● INSTRUCTIONS FOR THE TASK
Below are some entries; set them all down exactly.
═══ SOURCE INFORMATION
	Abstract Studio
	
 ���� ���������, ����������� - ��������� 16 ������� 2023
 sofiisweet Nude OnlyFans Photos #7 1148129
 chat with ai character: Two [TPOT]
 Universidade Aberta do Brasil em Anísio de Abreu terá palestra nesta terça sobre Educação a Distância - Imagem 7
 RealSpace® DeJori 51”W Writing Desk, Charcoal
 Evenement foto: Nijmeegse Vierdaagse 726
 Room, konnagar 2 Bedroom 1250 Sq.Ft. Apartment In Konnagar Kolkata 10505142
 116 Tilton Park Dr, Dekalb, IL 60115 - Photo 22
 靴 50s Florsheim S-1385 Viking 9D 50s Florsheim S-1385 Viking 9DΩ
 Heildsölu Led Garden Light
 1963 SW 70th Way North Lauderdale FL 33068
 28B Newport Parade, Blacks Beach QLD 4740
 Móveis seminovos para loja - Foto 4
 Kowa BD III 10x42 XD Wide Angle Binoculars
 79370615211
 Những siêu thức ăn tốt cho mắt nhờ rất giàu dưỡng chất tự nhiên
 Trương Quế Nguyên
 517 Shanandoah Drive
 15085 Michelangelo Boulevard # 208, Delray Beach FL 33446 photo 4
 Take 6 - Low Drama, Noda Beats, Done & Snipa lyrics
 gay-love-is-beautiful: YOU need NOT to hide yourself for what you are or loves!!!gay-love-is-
══════
● RESPONSE BOX
	Abstract Studio
	
 ���� ���������, ����������� - ��������� 16 ������� 2023
 sofiisweet Nude OnlyFans Photos #7 1148129
 chat with ai character: Two [TPOT]
 Universidade Aberta do Brasil em Anísio de Abreu terá palestra nesta terça sobre Educação a Distância - Imagem 7
 RealSpace® DeJori 51”W Writing Desk, Charcoal
 Evenement foto: Nijmeegse Vierdaagse 726
 Room, konnagar 2 Bedroom 1250 Sq.Ft. Apartment In Konnagar Kolkata 10505142
 116 Tilton Park Dr, Dekalb, IL 60115 - Photo 22
 靴 50s Florsheim S-1385 Viking 9D 50s Florsheim S-1385 Viking 9DΩ
 Heildsölu Led Garden Light
 1963 SW 70th Way North Lauderdale FL 33068
 28B Newport Parade, Blacks Beach QLD 4740
 Móveis seminovos para loja - Foto 4
 Kowa BD III 10x42 XD Wide Angle Binoculars
 79370615211
 Những siêu thức ăn tốt cho mắt nhờ rất giàu dưỡng chất tự nhiên
 Trương Quế Nguyên
 517 Shanandoah Drive
 15085 Michelangelo Boulevard # 208, Delray Beach FL 33446 photo 4
 Take 6 - Low Drama, Noda Beats, Done & Snipa lyrics
 gay-love-is-beautiful: YOU need NOT to hide yourself for what you are or loves!!!gay-love-is-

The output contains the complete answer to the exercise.